そんなわけで今回は、麺のなかでも最もメジャーな「ラーメン」で新商品をつくりたいというご相談。「天草大王由来」で「気軽に手にとっていただきやすく」「食卓にのぼりやすい」「お土産物にもなる商品にしたい」というご意向でした。
決め手は、天草大王と天草の塩
そば名人とちゃんぽん名人のタッグ
スープの決め手となるのは、農事組合法人 天草大王生産販売組合が手がける「天草大王エキス」。麺のコシと旨味をつかさどる塩には九電産業株式会社の苓北そると工場で、徹底的な衛生・品質管理のもとにつくられる「天草の塩」を用いています。
◉天草大王生産販売組合
http://www.amakusadaioh.jp/raising.html
◉天草の塩
https://www.reihoku-s.co.jp/solt_of_amakusa/
「天草ちゃんぽん」土産物の監修者で、天草のちゃんぽん名人こと永田文明さんにも協力いただき、麺のコシや形状・スープの配合を変えながら何度も試食を繰り返しました。第1弾として完成したのが、「天草大王ラーメン コクうま鶏とんこつ味」。天草大王のあまみとうまみにトンコツのコクが加わったスープに、食べる直前に別添えの黒マー油をまぜるのがポイント。ストレート麺にもスープがからみ、食べ応えのあるラーメンになりました。
油絵で復刻した天草大王。
パッケージにはあの画家の油絵を!
そもそも「天草大王」とは、明治中期に中国から輸入されたランシャン種をもとに天草で改良し、育てられた大型の肉用鶏。大正期には天草島内各所で飼育され、「博多水炊き」の人気を支えました。大ぶりで肉質のいい高級地鶏として食通にも愛されましたが、昭和初期に絶滅し、“幻の地鶏”と呼ばれていました。
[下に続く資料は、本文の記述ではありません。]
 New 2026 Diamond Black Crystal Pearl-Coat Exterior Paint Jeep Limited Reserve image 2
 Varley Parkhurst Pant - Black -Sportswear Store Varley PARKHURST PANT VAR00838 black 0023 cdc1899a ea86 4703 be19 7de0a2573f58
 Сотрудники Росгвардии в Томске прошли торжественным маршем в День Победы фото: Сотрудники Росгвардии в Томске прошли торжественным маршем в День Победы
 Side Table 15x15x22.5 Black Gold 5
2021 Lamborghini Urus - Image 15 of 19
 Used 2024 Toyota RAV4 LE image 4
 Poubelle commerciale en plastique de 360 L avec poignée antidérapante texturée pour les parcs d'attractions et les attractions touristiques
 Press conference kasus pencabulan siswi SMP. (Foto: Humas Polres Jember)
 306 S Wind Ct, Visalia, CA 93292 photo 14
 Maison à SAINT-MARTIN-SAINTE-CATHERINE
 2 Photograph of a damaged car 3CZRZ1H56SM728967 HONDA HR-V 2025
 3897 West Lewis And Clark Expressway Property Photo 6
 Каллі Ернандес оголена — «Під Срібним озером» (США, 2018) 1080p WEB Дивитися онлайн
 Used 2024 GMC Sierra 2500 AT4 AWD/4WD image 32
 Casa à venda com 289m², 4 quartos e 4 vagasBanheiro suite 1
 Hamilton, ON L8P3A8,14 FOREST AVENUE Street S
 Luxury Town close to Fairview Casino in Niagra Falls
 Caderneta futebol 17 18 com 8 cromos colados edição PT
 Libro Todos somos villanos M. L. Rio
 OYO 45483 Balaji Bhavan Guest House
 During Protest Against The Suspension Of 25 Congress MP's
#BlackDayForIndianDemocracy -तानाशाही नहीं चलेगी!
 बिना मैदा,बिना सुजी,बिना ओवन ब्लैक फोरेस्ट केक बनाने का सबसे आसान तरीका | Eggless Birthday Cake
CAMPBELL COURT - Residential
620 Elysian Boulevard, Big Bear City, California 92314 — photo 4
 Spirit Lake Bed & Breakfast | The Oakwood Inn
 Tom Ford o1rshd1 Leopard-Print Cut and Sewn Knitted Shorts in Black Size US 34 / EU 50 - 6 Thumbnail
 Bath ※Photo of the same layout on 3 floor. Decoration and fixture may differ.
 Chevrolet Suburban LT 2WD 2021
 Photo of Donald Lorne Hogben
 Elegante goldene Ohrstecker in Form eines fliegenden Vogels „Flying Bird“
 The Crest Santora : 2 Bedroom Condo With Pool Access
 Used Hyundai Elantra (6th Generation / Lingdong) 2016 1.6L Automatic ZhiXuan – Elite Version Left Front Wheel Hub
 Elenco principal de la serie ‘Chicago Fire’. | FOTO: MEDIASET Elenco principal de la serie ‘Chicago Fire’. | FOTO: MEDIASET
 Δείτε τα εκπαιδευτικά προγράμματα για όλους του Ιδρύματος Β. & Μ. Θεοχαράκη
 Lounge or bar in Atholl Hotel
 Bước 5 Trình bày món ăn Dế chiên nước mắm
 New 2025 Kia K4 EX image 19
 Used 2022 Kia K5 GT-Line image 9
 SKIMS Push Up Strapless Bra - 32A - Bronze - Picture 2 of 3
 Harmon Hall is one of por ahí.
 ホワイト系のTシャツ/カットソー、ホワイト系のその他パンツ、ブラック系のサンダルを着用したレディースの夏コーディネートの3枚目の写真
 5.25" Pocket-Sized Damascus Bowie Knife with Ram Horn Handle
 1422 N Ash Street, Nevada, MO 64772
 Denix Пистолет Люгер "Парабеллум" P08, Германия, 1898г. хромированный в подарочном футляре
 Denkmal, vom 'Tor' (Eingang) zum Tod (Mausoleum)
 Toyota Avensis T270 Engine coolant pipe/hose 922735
その良質な肉鶏を復刻させようと、天草大王復元プロジェクトがスタートしたのは1992年のこと。のこされたわずかな文献と、絶滅前に描かれたたった一枚の油絵を手がかりに、交配と世代の選抜淘汰を繰り返すこと約10年。絶滅から70年の歳月を経て復刻したのが、現在の「天草大王」です。今や、九州を代表するブランド地鶏ともなった天草大王。これを使うなら“商品の顔”はやはり、天草大王でいきたいと考えました。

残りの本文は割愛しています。